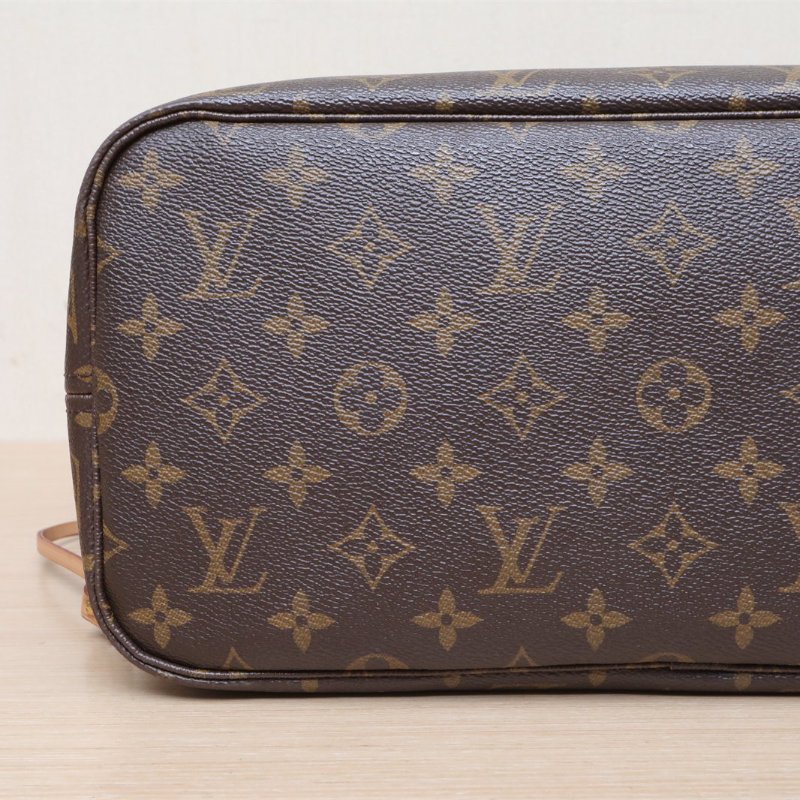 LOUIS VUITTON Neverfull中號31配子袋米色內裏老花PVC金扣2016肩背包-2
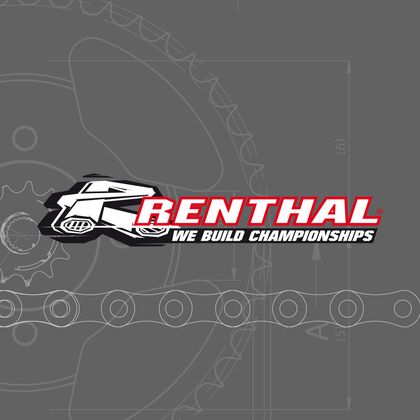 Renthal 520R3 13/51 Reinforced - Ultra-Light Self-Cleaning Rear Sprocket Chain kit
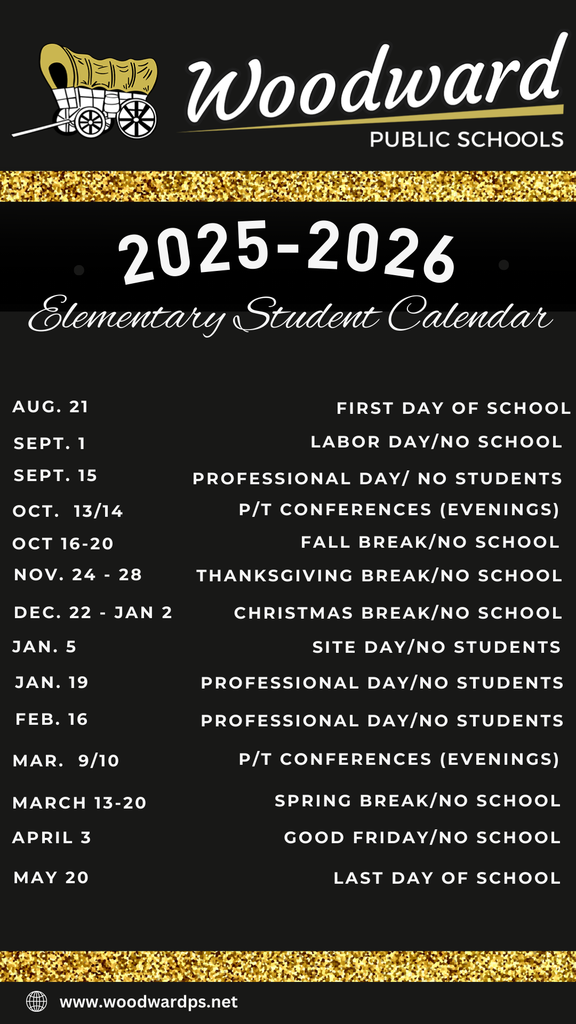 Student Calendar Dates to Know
################
Repeat the listing in full and exactly. Leave any pictures out.

 LOUIS VUITTON Neverfull中號31配子袋米色內裏老花PVC金扣2016肩背包-2
 Renthal 520R3 13/51 Reinforced - Ultra-Light Self-Cleaning Rear Sprocket Chain kit
 Student Calendar Dates to Know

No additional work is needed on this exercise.